Problem to solve:
Set down each line of the material that follows exactly, and leave its pictures out.

Records for processing:

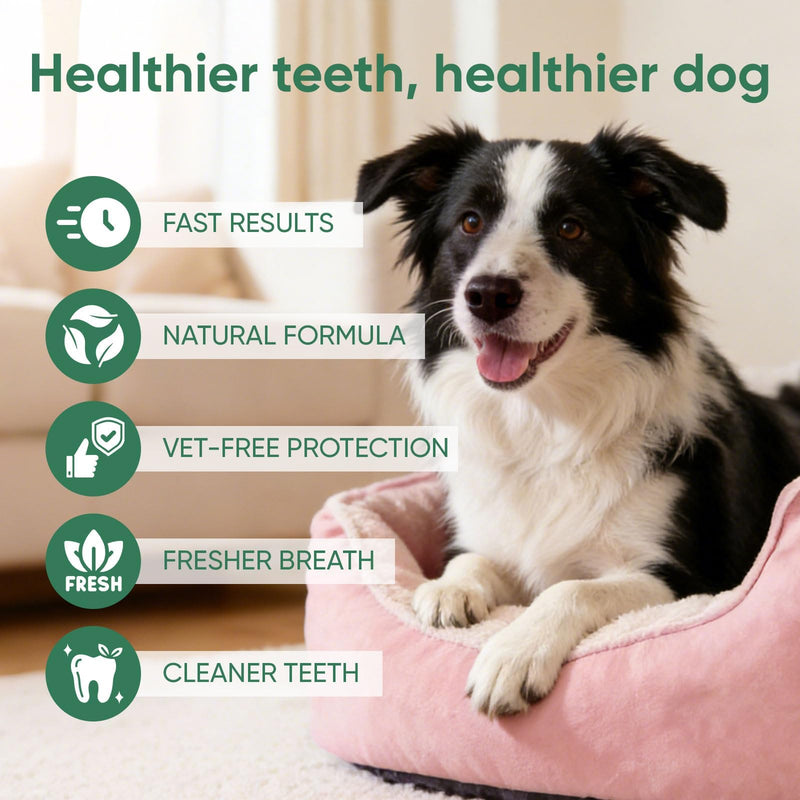 Dentaclean for Dogs & Cat, Dental Spray with Probiotics, Calendula Extract, Rosemary and Green Tea Extract, Eliminate Bad Breath, Fresher Breath & Cleaner Teeth, No Brushing, 100 ml/3,38 Oz (1) 1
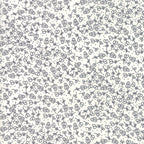 Print Shop Camera Ready in Cream and Black, Sweetwater, Moda Fabrics, 5747 23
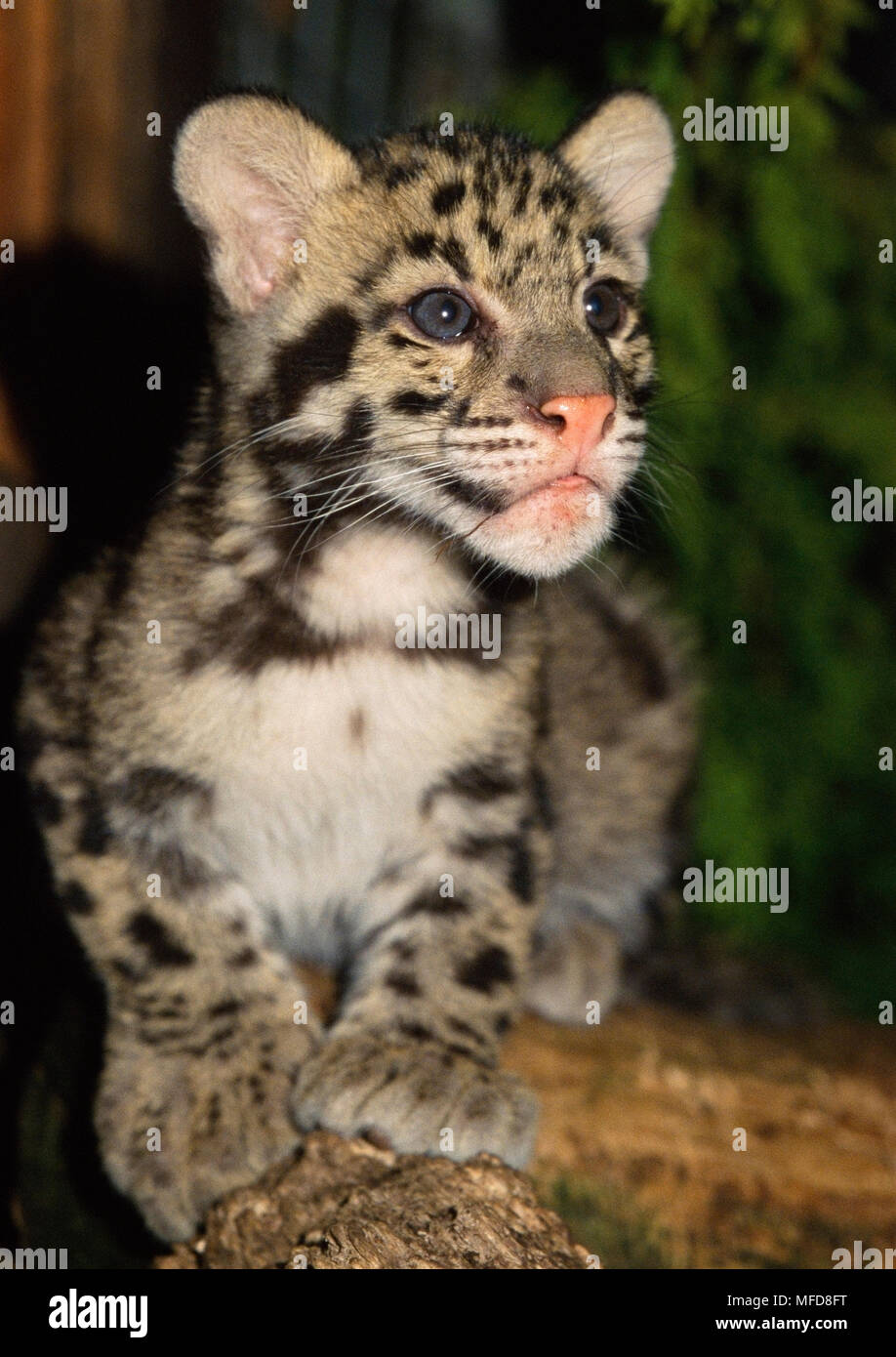 La Panthere Nebuleuse Neofelis Nebulosa Jeune Uk Photo Stock Alamy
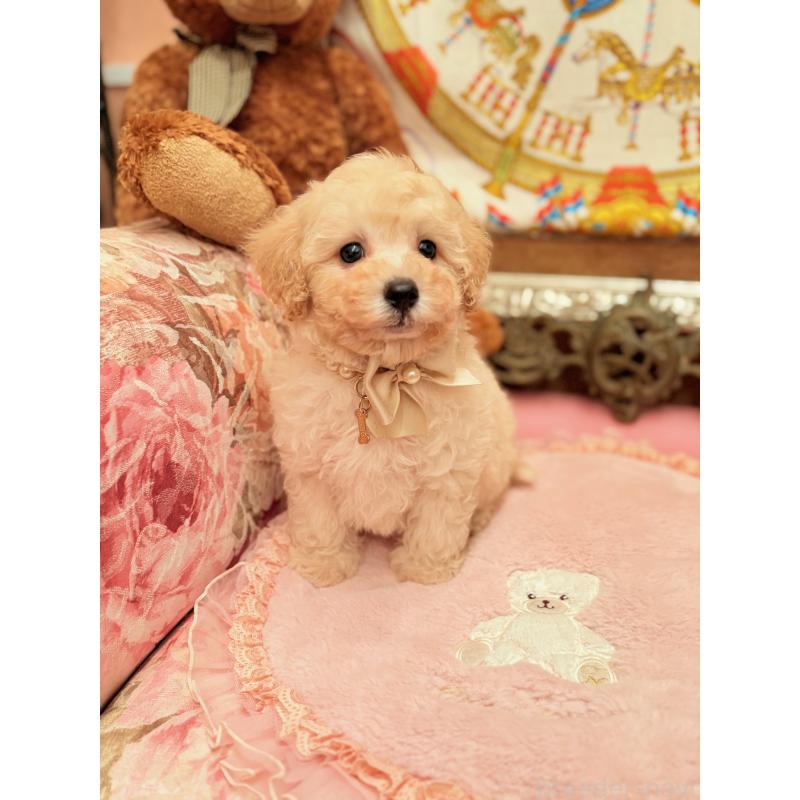 販売中の大阪府のトイプードル-440900の9枚目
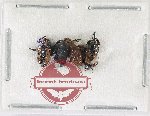 Scientific lot no. 1138 Curculionidae (4 pcs)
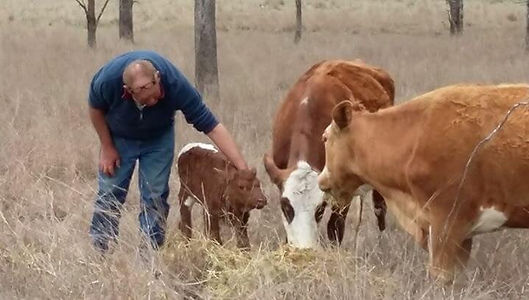 farmer-dodds-cows-photo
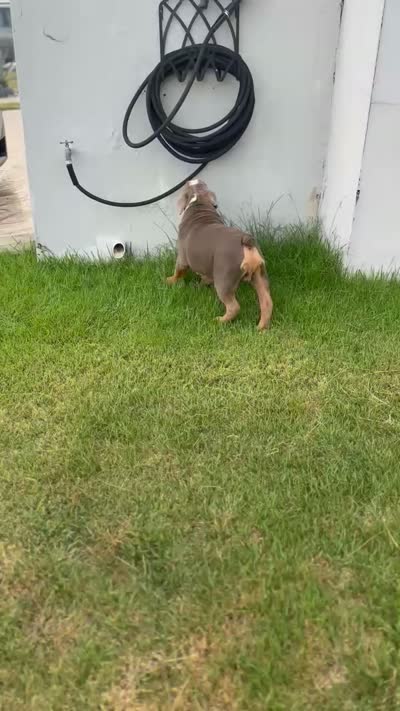 Grogu, a male English Bulldog for sale in Manchester, NH – 3 of 10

Solution to this exercise:
 Dentaclean for Dogs & Cat, Dental Spray with Probiotics, Calendula Extract, Rosemary and Green Tea Extract, Eliminate Bad Breath, Fresher Breath & Cleaner Teeth, No Brushing, 100 ml/3,38 Oz (1) 1
 Print Shop Camera Ready in Cream and Black, Sweetwater, Moda Fabrics, 5747 23
 La Panthere Nebuleuse Neofelis Nebulosa Jeune Uk Photo Stock Alamy
 販売中の大阪府のトイプードル-440900の9枚目
 Scientific lot no. 1138 Curculionidae (4 pcs)
 farmer-dodds-cows-photo
 Grogu, a male English Bulldog for sale in Manchester, NH – 3 of 10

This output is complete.